As usual we start loading the packages that we will use in our notebook

In [38]:
import tensorflow as tf
import numpy as np
import pandas as pd
from sklearn import model_selection
from sklearn.preprocessing import LabelEncoder 
from nltk.corpus import stopwords #provides list of english stopwords
stop = stopwords.words('english')

In [39]:
#LET'S PRINT THE VERSION!!
tf.__version__

'2.0.0'

In [40]:
#PLEASE DOWNLOAD THE FILE HERE: https://www.kaggle.com/aashita/nyt-comments
train_df = pd.read_csv('CommentsApril2017.csv').sample(n=50000)

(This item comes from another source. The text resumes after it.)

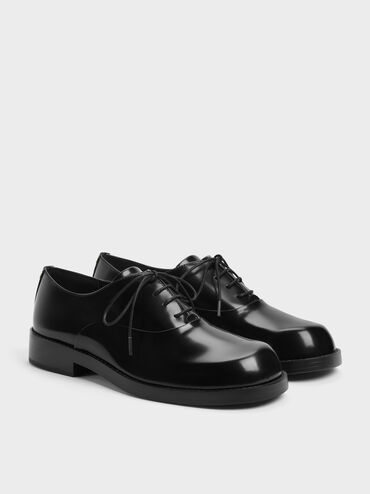 Daena Leather Oxfords, Black Boxed, hi-res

  interactivity=interactivity, compiler=compiler, result=result)


In [41]:
len(train_df)

50000

In [42]:
classes = len(np.unique(train_df['newDesk'])) #we print the length, not a big one but sufficient

A key step is to label encode the target variable from text to number


In [43]:
Y = train_df['newDesk']
encoder = LabelEncoder()
encoder.fit(Y)
Y = encoder.transform(Y)
Y = tf.keras.utils.to_categorical(
    Y,
    num_classes=classes#equals to the number of languages
    
)

As we mentioned in the slides we will perform the previous text processing steps except for stopword removal.

In [44]:
train_df['sentence_lower'] = train_df["commentBody"].str.lower()
train_df['sentence_no_punctuation'] = train_df['sentence_lower'].str.replace('[^\w\s]','')
train_df['sentence_no_punctuation'] = train_df["sentence_no_punctuation"].fillna("fillna")
train_df['sentence_no_punctuation'] = train_df['sentence_no_punctuation'].apply(lambda x: ' '.join([word for word in x.split() if word not in (stop)]))


In [45]:
max_features=5000 #we set maximum number of words to 5000
maxlen=100 #we set maximum sequence length to 400

In [46]:
tok = tf.keras.preprocessing.text.Tokenizer(num_words=max_features) #again tokenizer step

In [47]:
tok.fit_on_texts(list(train_df['sentence_no_punctuation'])) #fit to cleaned text

In [48]:
print(len(tok.word_index))
vocab_size = len(tok.word_index)+1
#this represents the number of words that we tokenize different from max_features but necessary for
#the definition of the dimension of the embedding space

110867


In [49]:
train_df = tok.texts_to_sequences(list(train_df['sentence_no_punctuation'])) #this is how we create sequences
train_df = tf.keras.preprocessing.sequence.pad_sequences(train_df, maxlen=maxlen) #let's execute pad step

In [50]:

from sklearn.model_selection import train_test_split #divide into train and test set

In [51]:
X_train, X_test, y_train, y_test = train_test_split(train_df, Y, test_size=0.1, random_state=42)

In [52]:
embedding_dim = 50 #this is the final dimension of the embedding space.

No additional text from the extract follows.